I admit, when I received the e-mail alerting me to this new plan I was very skeptical at first. Even though I was only making about half the amount on a borrow as I would on a sale, it was still nice that this was a guaranteed royalty rate(so long as the reader made it past the sample 10% of the book). So when I saw they were changing it to be pages read, I got nervous. With the old plan, if someone borrows my book, but doesn’t like it, I still made the money on it. But now, if someone borrows my book and reads only a few pages before tossing it, I might get a couple pennies. This would drastically change my royalties earned being enrolled in KDP Select, which made me decide that I was not going to re-enroll in the program for another 90 days. But then the strangest thing happened—I stepped back, looked at this change after my knee-jerk response had settled, and realized it’s actually not only fair, but if my books are good then it has the potential to pay far better than the old plan.

Though I was skeptical of KU 2.0 after reading the email, I think I really got jaded after I saw the reaction from many in the indie author community. A reaction that seemed to be filled with nothing but moans and groans about how Amazon was screwing them over again. It was then I realized how we were complaining about the very company that made it possible for authors of all types of skill sets and stories to actually get their work in front of readers. When I started looking at it that way, I was shocked (and still am) at how much some folks complain about Amazon. How Amazon doesn’t care about indie authors, how they are greedy, conniving, yadda yadda yadda. These people have already seem to have forgotten that Amazon has not only given us all publishing deals (deals far more favorable than most traditional publishing deals), but that they are the pioneers for this indie author boom we live in. Without Amazon, many of us would have a lot of words written in a file that is collecting digital dust for no one to enjoy. So to those people, I say show a little appreciation for what Amazon has done, and stop expecting them to just give you more. Which leads me to this stunning realization…
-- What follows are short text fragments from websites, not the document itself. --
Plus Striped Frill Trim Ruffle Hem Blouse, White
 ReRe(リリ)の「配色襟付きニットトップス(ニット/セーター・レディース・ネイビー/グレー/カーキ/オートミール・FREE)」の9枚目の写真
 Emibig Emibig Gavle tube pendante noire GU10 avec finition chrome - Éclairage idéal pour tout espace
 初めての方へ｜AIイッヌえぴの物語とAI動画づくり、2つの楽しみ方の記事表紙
Amazon is giving indie authors more! But there’s a caveat—you have to give more. The people pitching the biggest fits (at least from what I observed) were those who have quite a few short stories published, many of which were listed at 99 cents, and taking advantage of the blanketed borrow royalty. Weren’t we just talking about conniving? Time to do some math (don’t worry, it’s not too hard).

When you list a book at 99 cents on Amazon, you earn about 35 cents per sale. However, under the old KU plan, all borrowed books, regardless of sale price or length, earned the same amount or royalty. Amazon KDP select has a pot of money each month (KDP Select Global Fund), and the amount of borrowed books was divided up against that pot. The average was around $1.35 per borrow. That meant a book that would normally yield the author 35 cents per sale (if listed at 99 cents) would make them a dollar more if it was borrowed. And since the only requirement to earn a borrow royalty was for the reader to get past the sample 10%, this method was quite effective for books that were 40-50 pages long (meaning the reader just needed to get through 4-5 pages in order to earn the author the $1.35). Do you see where this starts to become a little lopsided for novelists? So someone who writes a 40 page short story or novella in a month or less would earn the same amount my nearly 700 page book, As the Ash Fell, would earn on a borrow. But all of that has changed. Now, if the estimates are accurate, and Amazon will pay $.005 per page read (that’s a half a penny), then my book would earn $3.5 for a borrow that someone reads cover to cover, while that 50 page book would earn a quarter. So, as I said, a simple, but significant change in how things work.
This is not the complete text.